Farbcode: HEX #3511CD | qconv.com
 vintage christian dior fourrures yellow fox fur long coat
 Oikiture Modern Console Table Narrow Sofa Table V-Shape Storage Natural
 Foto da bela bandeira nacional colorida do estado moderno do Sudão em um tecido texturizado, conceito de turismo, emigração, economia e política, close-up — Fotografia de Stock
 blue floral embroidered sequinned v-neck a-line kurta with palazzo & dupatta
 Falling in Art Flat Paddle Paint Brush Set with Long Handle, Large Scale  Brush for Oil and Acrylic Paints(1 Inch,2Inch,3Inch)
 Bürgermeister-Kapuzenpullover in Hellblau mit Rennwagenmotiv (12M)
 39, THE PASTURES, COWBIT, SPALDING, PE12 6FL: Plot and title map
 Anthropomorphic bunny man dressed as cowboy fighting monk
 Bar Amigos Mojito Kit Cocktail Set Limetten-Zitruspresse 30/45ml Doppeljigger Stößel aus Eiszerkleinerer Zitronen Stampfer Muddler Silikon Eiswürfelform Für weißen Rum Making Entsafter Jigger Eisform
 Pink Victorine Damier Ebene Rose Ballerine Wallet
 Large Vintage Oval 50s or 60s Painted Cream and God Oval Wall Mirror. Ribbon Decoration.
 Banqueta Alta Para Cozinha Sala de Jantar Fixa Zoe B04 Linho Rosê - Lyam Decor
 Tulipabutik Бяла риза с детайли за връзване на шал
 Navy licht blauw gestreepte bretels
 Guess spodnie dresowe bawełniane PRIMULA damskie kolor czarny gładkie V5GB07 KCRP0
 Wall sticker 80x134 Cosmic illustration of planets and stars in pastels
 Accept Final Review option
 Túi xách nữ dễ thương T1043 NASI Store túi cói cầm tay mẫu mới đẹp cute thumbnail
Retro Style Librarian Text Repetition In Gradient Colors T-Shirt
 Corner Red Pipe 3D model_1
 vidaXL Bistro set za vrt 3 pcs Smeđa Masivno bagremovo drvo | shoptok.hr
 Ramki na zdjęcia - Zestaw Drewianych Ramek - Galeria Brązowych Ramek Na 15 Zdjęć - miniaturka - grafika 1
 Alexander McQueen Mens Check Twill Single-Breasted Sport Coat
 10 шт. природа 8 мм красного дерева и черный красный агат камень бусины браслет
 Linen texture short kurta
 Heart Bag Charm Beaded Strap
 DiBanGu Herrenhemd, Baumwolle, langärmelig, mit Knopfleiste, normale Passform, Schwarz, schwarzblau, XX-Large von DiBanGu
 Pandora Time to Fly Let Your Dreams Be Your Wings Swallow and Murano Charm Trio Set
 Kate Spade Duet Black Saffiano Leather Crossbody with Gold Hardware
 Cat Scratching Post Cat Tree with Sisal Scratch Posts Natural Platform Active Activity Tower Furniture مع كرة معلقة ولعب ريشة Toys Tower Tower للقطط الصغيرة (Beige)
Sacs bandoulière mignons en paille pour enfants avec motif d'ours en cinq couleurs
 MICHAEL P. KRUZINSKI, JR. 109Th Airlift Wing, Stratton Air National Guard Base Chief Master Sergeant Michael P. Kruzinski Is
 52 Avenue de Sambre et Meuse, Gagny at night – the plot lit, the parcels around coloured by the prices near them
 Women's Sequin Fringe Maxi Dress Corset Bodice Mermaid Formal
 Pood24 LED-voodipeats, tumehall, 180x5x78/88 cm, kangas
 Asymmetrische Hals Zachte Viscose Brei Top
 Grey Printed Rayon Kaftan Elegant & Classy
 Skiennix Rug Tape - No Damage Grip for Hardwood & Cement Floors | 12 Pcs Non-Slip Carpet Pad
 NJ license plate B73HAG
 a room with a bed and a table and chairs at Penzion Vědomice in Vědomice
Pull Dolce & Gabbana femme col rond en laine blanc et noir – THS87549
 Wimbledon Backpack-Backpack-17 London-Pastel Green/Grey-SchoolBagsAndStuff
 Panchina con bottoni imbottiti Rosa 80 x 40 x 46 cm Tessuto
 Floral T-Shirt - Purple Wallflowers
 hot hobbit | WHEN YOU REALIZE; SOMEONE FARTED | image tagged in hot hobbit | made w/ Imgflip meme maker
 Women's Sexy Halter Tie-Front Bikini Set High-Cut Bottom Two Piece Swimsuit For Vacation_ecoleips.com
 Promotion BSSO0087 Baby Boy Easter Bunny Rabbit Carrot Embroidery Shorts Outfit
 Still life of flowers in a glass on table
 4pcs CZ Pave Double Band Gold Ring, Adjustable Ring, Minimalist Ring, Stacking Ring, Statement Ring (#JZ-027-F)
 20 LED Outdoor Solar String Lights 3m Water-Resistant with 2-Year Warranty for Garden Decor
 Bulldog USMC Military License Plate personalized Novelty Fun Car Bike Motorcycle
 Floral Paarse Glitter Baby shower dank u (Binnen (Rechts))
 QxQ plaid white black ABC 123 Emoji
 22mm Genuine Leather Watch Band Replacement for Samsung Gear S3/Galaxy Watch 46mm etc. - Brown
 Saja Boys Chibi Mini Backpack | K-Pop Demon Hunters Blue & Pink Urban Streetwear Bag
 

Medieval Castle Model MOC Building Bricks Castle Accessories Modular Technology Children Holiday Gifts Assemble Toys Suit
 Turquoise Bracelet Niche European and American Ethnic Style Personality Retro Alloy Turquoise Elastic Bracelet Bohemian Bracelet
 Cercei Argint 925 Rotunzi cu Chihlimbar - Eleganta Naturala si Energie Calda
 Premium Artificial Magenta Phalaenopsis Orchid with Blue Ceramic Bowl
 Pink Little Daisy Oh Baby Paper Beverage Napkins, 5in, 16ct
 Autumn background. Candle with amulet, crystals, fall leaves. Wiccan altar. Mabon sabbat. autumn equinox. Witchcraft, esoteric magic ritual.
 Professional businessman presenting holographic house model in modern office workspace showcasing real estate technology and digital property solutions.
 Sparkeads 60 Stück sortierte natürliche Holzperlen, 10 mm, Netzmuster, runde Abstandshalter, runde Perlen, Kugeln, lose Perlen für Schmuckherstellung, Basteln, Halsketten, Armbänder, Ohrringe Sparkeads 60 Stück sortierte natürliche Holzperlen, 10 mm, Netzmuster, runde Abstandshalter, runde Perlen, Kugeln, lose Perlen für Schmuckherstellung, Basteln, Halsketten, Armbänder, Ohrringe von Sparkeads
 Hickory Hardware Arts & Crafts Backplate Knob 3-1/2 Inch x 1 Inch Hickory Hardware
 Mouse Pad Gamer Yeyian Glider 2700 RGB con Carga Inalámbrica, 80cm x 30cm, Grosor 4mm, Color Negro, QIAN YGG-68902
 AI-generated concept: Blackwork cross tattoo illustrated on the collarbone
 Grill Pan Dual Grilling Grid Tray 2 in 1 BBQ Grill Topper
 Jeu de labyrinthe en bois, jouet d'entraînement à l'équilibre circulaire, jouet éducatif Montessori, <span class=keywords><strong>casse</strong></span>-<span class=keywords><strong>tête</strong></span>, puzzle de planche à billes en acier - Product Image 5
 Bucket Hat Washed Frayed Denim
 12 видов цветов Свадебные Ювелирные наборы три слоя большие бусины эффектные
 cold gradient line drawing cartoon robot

■ ■ ■

Required work:
Every line from the start of the material above through the line that contains "Oikiture Modern Console" must be written out exactly, with both ends included.

Answer to this problem:
Farbcode: HEX #3511CD | qconv.com
 vintage christian dior fourrures yellow fox fur long coat
 Oikiture Modern Console Table Narrow Sofa Table V-Shape Storage Natural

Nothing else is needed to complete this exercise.